Getting started

The CIM App Histories toolkit analyses Android APKs for digital-methods research. It answers four kinds of question about an app, one per workflow:

  • metadata — what the app declares: identity, version, permissions, activities, the languages it ships, the A/B-testing SDKs and third-party trackers it bundles.
  • classify — what AI/ML it carries: native runtime libraries (TensorFlow Lite, ONNX, vendor runtimes) and model files.
  • flows — how data may move: device inputs (microphone, camera, files, streams…) → the modules that use them → onward to models and network endpoints.
  • listening — the audio question in depth: how sound is captured, conditioned, turned into features, fed to a model, and sent onward, with the audio parameters (sample rate, channels, mel bins…) at each stage.
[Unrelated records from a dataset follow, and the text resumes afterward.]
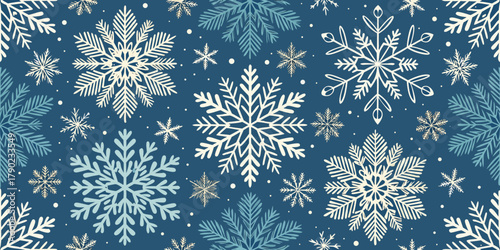 Winter Snowflake Pattern for Holiday and Seasonal Design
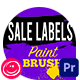 Sale Labels Paint Brush For Premiere Pro - VideoHive Item for Sale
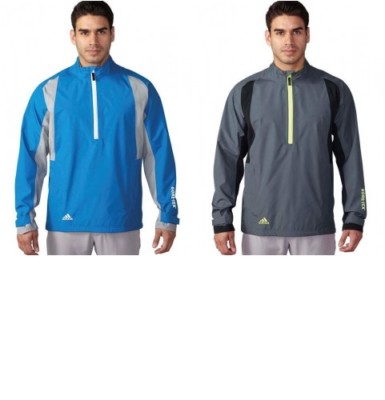 Adidas Gore-tex Herren Jacke Quarter Zip Wasserdicht Langarm UVP 169£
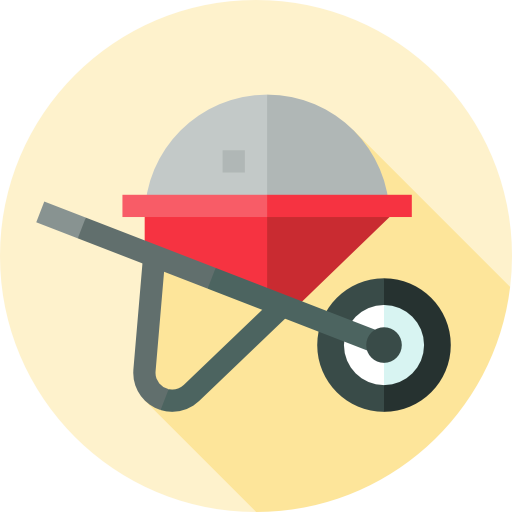 kruiwagen Flat Circular Flat icoon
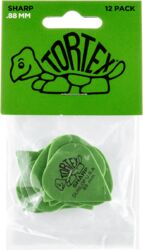 Púas Jim dunlop 412P88 Tortex Sharp Pack de 12 - 0.88mm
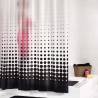 RIDDER Vinyl Shower Curtain Black - Waterproof & Stylish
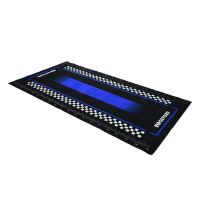 Textilní koberec pod motocykl PITLANE YAMA BLUE L, OXFORD (modrá/černá, rozměr 200 x 100 cm, splňující předpisy FIM)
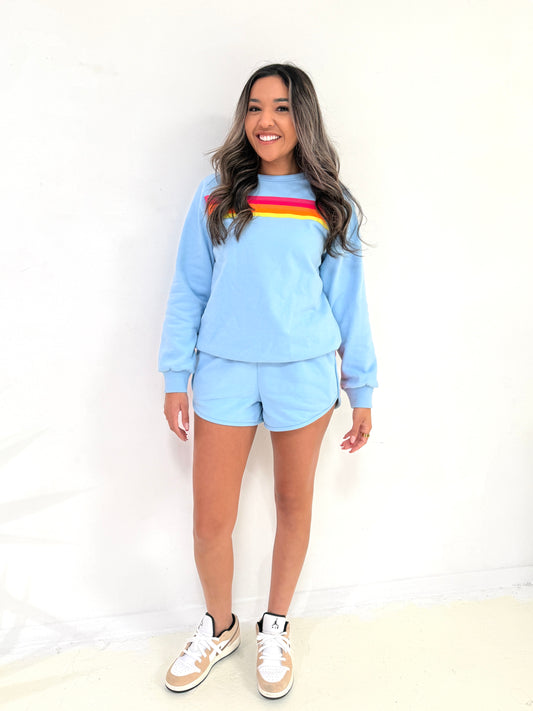 Hustle Hard Sweatshirt and Short Set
It runs the same way on a laptop and on an HPC cluster, over one app or a corpus of thousands. The toolkit is alpha software under active development; output fields may change between versions, and every output record records the toolkit version that produced it.

Requirements

  • Python 3.10 or newer
  • The APKs you want to analyse (see A note on where APKs come from below — this matters more than it sounds)

Installation

From a clone of the repository:

git clone https://github.com/iaine/app_histories.git
cd app_histories
pip install -e .

This installs the runtime dependencies (androguard 4.x, pandas, networkx, loguru) and creates the cim-apps command. Two optional extras exist:

pip install -e ".[viz]"    # plotting stack (matplotlib, numpy, Pillow)
pip install -e ".[dev]"    # pytest + ruff for contributors

The viz extras are kept separate so cluster environments stay free of GUI toolkits. Confirm the install:

cim-apps --version

Running the tool

Always run it as the installed command or as a module — never as a file path. This is the most common first stumble:

cim-apps metadata --apk MyApp.apk --outdir results/                          # correct
python -m cim_app_histories.cli metadata --apk MyApp.apk --outdir results/   # also correct
python src/cim_app_histories/cli.py                                          # WRONG — will error

Running the raw .py file fails with "attempted relative import with no known parent package", because executing a file by path strips its package context and the internal imports can't resolve. Use cim-apps (the entry point created at install) or python -m.

Your first run

Point a workflow at one APK and an output directory:

cim-apps metadata --apk MyApp.apk --outdir results/

This writes results/MyApp.metadata.jsonl — one JSON object with the app's identity, permissions, languages, A/B SDKs and trackers. Try the other workflows the same way:

cim-apps classify  --apk MyApp.apk --outdir results/
cim-apps flows     --apk MyApp.apk --outdir results/
cim-apps listening --apk MyApp.apk --outdir results/

flows and metadata write .jsonl; listening writes a single pretty-printed .json per app.

Analysing a whole folder

For a corpus, swap --apk for --apk-dir:

cim-apps metadata --apk-dir apps/ --outdir results/

One output file is written per app, work is spread across your CPU cores automatically, and already-completed apps are skipped on re-run — so an interrupted run resumes just by running the same command again. Add --recursive to include subdirectories, or use --apk-list corpus.txt to drive from a file of paths (best for large or still-downloading corpora). See the command reference for all options, and running at scale for SLURM arrays and containers.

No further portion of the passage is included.